Pursuant to Section 13 or 15(d) of the Securities Exchange Act of 1934
 
Date of Report (Date of earliest event reported): June 8, 2017

ePlus inc.
(Exact name of registrant as specified in its charter)


Delaware
001-34167
54-1817218
(State or other jurisdiction of incorporation or organization)
(Commission File Number)
(I.R.S. Employer Identification No.)

13595 Dulles Technology Drive Herndon, VA 20171-3413
(Address, including zip code, of principal executive offices)

(703) 984-8400
(Registrant’s telephone number, including area code)


Check the appropriate box below if the Form 8-K filing is intended to simultaneously satisfy the filing obligation of the registrant under any of the following provisions (see General Instruction A.2 below):

[] Written communications pursuant to Rule 425 under the Securities Act (17 CFR 230.425)

[] Soliciting material pursuant to Rule 14a-12 under the Exchange Act (17 CFR 240.14a-12)

[] Pre-commencement communications pursuant to Rule 14d-2(b) under the Exchange Act (17 CFR 240.14d-2(b))

[] Pre-commencement communications pursuant to Rule 13e-4(c) under the Exchange Act (17 CFR 240.13e-4(c))
 
Indicate by check mark whether the registrant is an emerging growth company as defined in Rule 405 of the Securities Act of 1933 (§230.405 of this chapter) or Rule 12b-2 of the Securities Exchange Act of 1934 (§240.12b-2 of this chapter).

Emerging growth company     

If an emerging growth company, indicate by check mark if the registrant has elected not to use the extended transition period for complying with any new or revised financial accounting standards provided pursuant to Section 13(a) of the Exchange Act.    



Item 5.02 Departure of Directors or Certain Officers; Election of Directors; Appointment of Certain Officers; Compensatory Arrangements of Certain Officers
 
On June 8, 2017, the Compensation Committee (the "Committee") of the Board of Directors of ePlus inc. (the "Company") approved compensation modifications and amendments to employment agreements for the following executive officers:  Chief Executive Officer and President Mark P. Marron and Chief Financial Officer Elaine D. Marion.

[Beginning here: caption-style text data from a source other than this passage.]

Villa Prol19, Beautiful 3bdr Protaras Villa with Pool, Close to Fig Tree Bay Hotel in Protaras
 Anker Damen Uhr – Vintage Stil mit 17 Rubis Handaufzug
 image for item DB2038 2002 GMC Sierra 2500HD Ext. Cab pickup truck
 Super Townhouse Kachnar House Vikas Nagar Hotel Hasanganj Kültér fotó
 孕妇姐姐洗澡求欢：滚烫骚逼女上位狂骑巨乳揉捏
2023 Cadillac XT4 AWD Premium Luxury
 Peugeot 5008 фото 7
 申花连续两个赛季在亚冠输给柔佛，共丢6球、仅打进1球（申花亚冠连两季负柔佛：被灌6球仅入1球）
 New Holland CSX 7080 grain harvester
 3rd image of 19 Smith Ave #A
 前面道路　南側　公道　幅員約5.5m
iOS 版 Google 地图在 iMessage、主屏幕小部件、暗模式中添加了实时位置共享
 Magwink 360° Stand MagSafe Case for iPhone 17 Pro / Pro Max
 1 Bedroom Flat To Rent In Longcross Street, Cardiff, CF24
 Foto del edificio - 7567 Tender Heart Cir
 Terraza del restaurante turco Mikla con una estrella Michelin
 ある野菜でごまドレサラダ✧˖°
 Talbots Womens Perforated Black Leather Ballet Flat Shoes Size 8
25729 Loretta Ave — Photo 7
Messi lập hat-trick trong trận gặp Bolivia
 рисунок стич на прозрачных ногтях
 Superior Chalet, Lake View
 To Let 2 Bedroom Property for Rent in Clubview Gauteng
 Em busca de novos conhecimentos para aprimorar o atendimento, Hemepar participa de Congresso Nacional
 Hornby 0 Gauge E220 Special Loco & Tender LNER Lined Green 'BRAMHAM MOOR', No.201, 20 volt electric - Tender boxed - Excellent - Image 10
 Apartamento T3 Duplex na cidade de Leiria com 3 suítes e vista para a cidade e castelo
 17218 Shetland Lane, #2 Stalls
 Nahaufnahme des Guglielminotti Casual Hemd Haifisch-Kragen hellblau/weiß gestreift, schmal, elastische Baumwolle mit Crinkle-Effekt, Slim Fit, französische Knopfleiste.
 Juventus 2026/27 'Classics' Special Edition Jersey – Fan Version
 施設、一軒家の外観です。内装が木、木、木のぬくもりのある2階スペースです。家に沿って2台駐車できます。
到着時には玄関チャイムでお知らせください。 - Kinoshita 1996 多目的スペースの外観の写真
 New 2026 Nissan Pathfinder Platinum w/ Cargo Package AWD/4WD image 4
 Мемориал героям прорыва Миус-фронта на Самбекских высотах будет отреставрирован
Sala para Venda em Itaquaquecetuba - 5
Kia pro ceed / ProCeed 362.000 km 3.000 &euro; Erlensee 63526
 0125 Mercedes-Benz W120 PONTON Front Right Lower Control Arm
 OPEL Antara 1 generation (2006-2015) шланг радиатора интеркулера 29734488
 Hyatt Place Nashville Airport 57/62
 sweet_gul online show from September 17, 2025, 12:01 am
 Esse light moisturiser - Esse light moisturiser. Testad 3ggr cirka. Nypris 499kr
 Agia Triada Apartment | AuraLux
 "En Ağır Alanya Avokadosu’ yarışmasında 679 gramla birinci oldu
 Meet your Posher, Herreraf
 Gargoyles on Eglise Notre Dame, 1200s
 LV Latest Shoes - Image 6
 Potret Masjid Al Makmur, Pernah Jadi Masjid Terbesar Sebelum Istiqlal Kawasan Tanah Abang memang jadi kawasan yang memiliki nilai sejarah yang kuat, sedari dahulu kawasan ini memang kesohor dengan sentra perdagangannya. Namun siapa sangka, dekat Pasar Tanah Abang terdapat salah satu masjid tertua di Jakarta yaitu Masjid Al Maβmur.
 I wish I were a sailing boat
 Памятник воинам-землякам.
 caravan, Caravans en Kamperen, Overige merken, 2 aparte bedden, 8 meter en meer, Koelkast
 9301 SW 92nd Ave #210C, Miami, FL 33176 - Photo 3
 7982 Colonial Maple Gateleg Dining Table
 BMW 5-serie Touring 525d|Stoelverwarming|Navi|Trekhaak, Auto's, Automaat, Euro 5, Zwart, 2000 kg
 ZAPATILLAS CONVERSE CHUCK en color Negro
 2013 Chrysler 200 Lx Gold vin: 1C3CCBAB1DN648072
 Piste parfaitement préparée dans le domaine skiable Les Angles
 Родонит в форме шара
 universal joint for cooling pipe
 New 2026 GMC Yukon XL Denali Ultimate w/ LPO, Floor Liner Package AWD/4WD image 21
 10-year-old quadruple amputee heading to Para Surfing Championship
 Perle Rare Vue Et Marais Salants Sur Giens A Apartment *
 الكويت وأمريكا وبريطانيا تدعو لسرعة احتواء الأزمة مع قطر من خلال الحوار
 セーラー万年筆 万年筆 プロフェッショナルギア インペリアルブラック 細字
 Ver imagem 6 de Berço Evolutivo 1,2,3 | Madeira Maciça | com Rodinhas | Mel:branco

Mr. Marron's base annual salary was increased from $700,000 to $750,000, effective June 8, 2017His amended and restated employment agreement, which was entered into effective August 1, 2016, and reported in our Current Report on Form 8-K filed on July 21, 2016, was amended to reflect the salary modification.  Mr. Marron's target award under ePlus' Executive Incentive Plan ("EIP") was amended from $400,000 to $600,000 for fiscal year 2018.  Mr. Marron was also granted an award of 20,000 shares of restricted stock on June 8, 2017, which will vest in equal amounts over the next three one-year anniversaries of the grant date.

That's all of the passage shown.